Liège first came under attack on 6 August 1914. When the Liège's fortifications proved unexpectedly stubborn, the Germans brought heavy siege artillery to bombard the forts with shells far larger than they were designed to resist. Embourg was heavily bombarded starting 12 August. The fort surrendered the next day after 48 hours of bombardment.

Occupying the fort during the remainder of the war, Germans made a number of improvements to the fort in 1914 and 1915.

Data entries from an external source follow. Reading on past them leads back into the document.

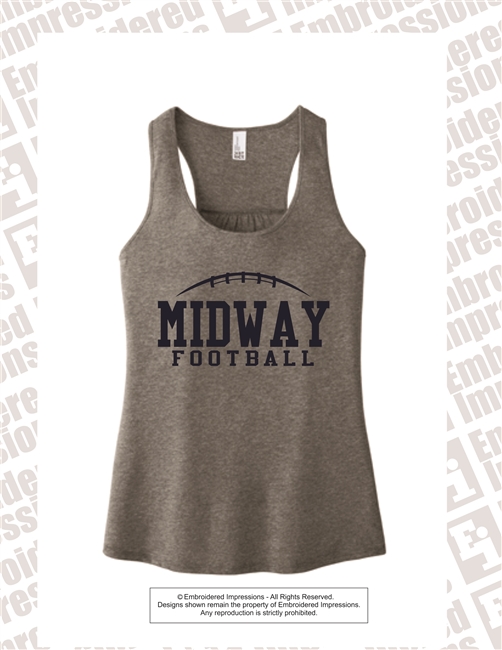 Midway Football Tank Top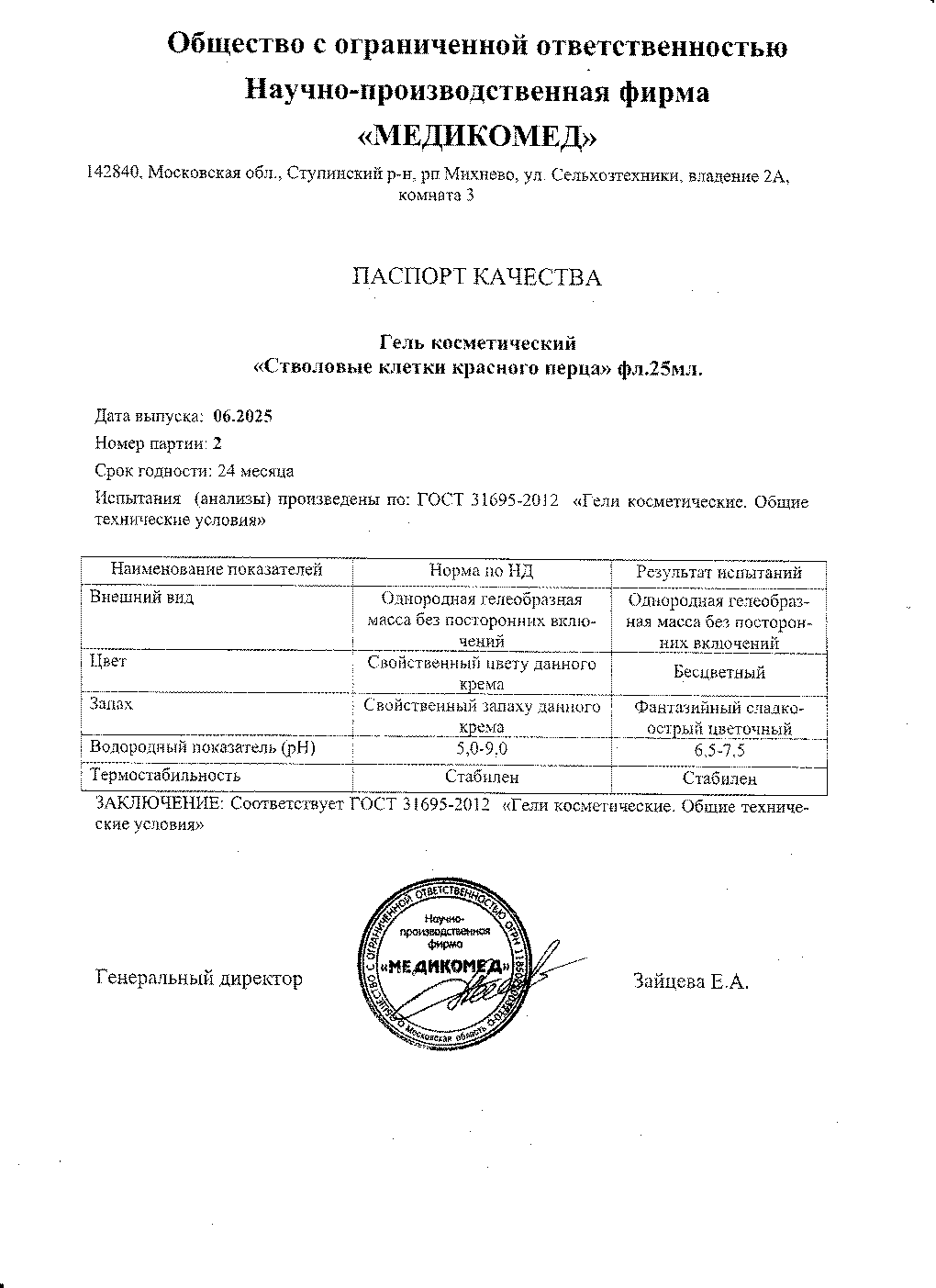 Паспорт №062025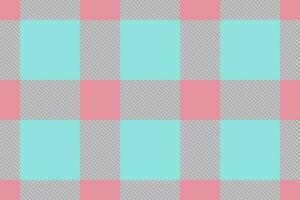 Seamless fabric plaid. Textile tartan vector. Pattern background check texture. vector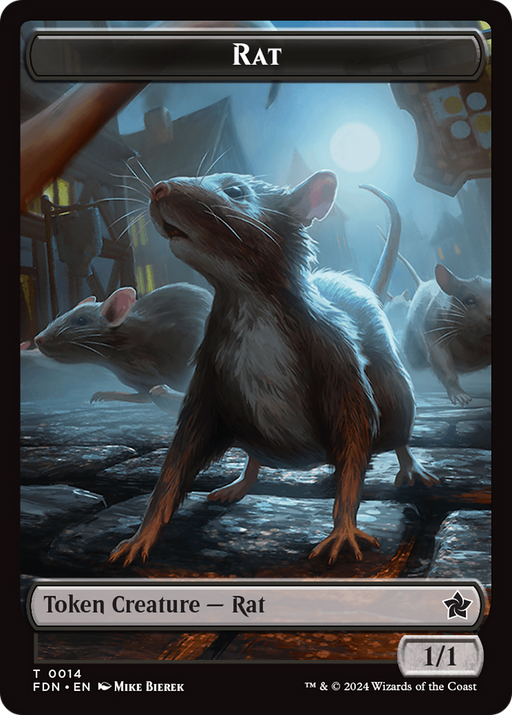 Rat (TFDN-014) [Tokens] Foundations Tokens MTG Single Wizards of the Coast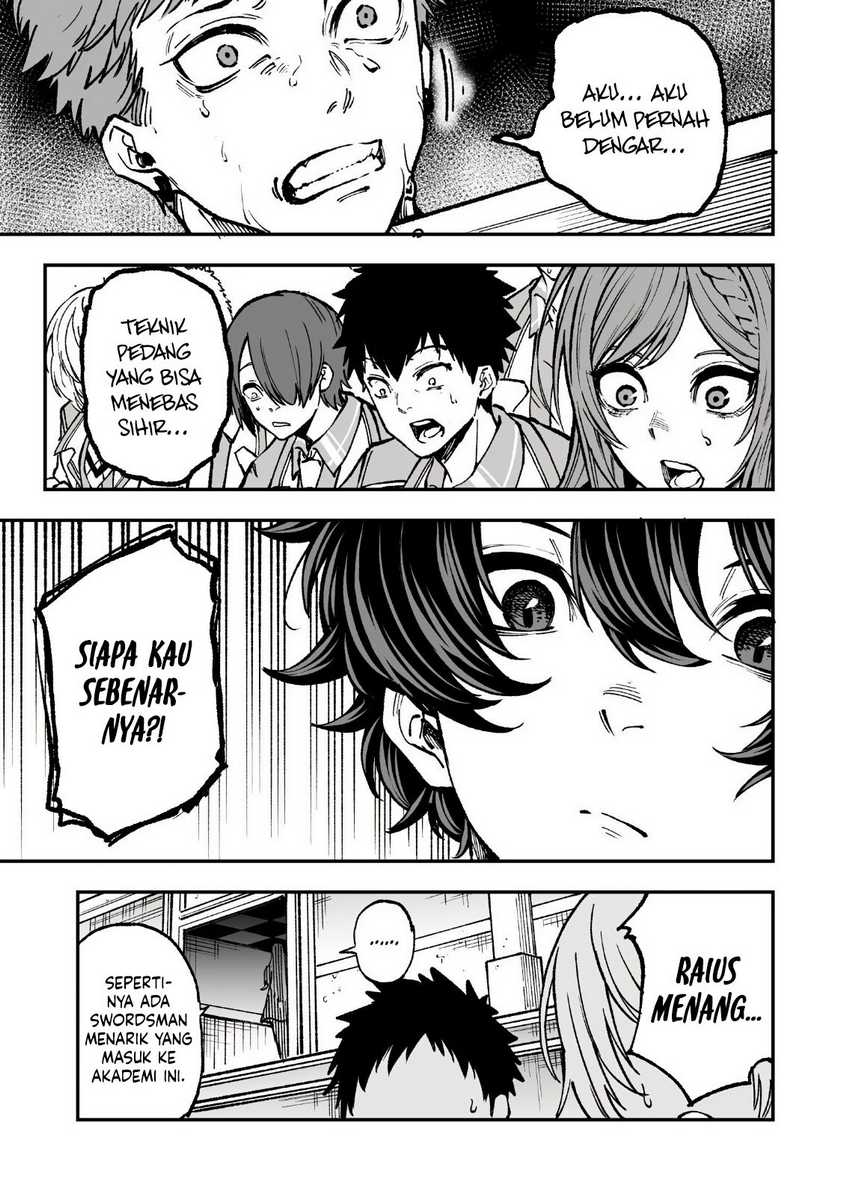 Umarekawatta Kensei, Kenshi ga Reiguu sareru Majutsu Shijou Shugi no Gakuen de Musou suru Chapter 3 - halaman 35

==Fortified Position of Liège==
Embourg's armament was upgraded in the 1930s to become part of the Fortified Position of Liège II, which was planned to deter a German incursion over the nearby border. The armament was upgraded with new guns in the turrets and an anti-aircraft battery. This was accompanied by improvements to ventilation, protection, sanitary facilities, communications and electrical power. An infantry shelter with an automatic rifle cloche was built at this time, as well as a remote air intake tower some distance to the west of the fort, linked to the fort by a tunnel. In 1940 the fort's garrison comprised 323 men, mostly reservists, with four officers.

==Second World War==
Embourg first came into contact with German forces during the Battle of Belgium on 12 May 1940. The fort was surrounded on the 13th, occupying areas around the rear of the fort including the air intake tower. The neighboring Chaudfontaine provided supporting fire against German infantry, who mounted an infantry attack at 10 p.m.. On the 14th the Germans continued artillery fire against Embourg while Embourg fired in support of Chaudfontaine. On the 15th, aerial bombardment started at 2 p.m., lasting until the night. The next day the aerial bombardment resumed while German units infiltrated the area around the fort . On the 17th the fort was attack by bombers, artillery and infantry. Embourg called for artillery support from surrounding forts, which they could not provide, but did provide support for a while to Chaudfontaine. Shortly thereafter the 75mm gun turrets were knocked out of action. After sabotaging the fort's equipment, the garrison surrendered.

==Present==
A commemorative association was established in 1946, which has erected monuments and maintained a museum in the fort. The fort has been preserved and may be visited by the public.

== Bibliography ==
- Donnell, Clayton, The Forts of the Meuse in World War I, Osprey Publishing, Oxford, 2007, ISBN 978-1-84603-114-4.
- Kauffmann, J.E., Jurga, R., Fortress Europe: European Fortifications of World War II, Da Capo Press, USA, 2002, ISBN 0-306-81174-X.